The journal of a Kentucky culture vulture
One of the challenges that faced the now-closed Ichthus Festival and vexes other Christian rock presenters these days is a relatively small group of acts that can be legitimately billed as headliners.
There are plenty of bands and solo artists that can ably fill opening and smaller stage slots. But as far as Christian artists that can top a bill and attract audiences in the thousands and even tens of thousands, it’s a fairly small and somewhat stagnant club.
“There just aren’t a lot of headliners in Christian music,” says Mark Vermilion, the last executive director of Ichthus, which announced it was closing earlier this month after 42 continuous years.
“When there are so few headliners, it creates problems for us because they are so saturated with tours like Winter Jam and other festivals. We all have to go to the same well to get headliners.”
Tim Gerst, a Central Kentucky native who has worked in numerous aspects of Christian music, says, “The industry needs to figure something out because it’s hard to attract audiences when you consistently present the same 6 to 8 bands.”
Generating excitement about the acts at the top of the bill is harder when that group headlined the previous year or topped the bill at another festival or their own headlining tour that recently passed through the area. The groups have headliner status because they are widely liked, but the novelty can wear off.

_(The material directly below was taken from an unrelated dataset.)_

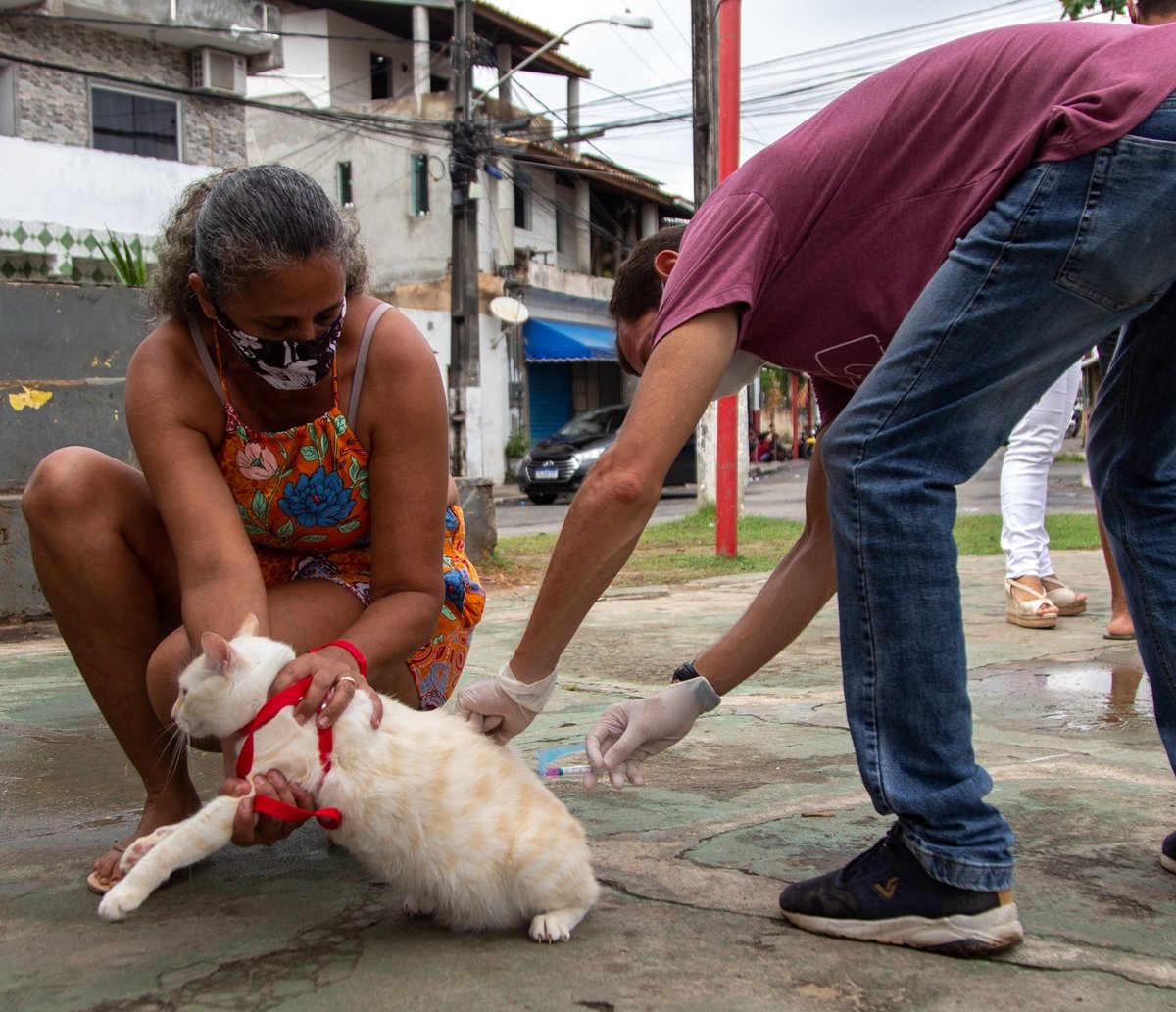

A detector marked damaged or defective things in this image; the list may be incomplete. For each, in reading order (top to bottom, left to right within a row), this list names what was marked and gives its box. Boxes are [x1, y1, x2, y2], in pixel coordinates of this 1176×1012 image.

This year’s edition of the Winter Jam tour, which stops at Rupp Arena in March, will feature Tobymac, 48, who just headlined at Ichthus. Last year’s Winter Jam presented the same situation with Skillet.
Skillet, with its pyrotechnic spectacle of a show, headlined Friday Night at Ichthus for several years until this year, when the spot was taken by Red, one of the few acts to emerge as a legitimate headliner in the last few years. Red is also coming back on Winter Jam.
In fact, every headlining artist at this year’s Ichthus had headlined the event before, including worship artist Chris Tomlin, who closed the festival for the second straight year.
Vermillion says the shallow pool of headliners for big events has come up at meetings of Christian Festival Association, not just because of the small pool, but it is aging too.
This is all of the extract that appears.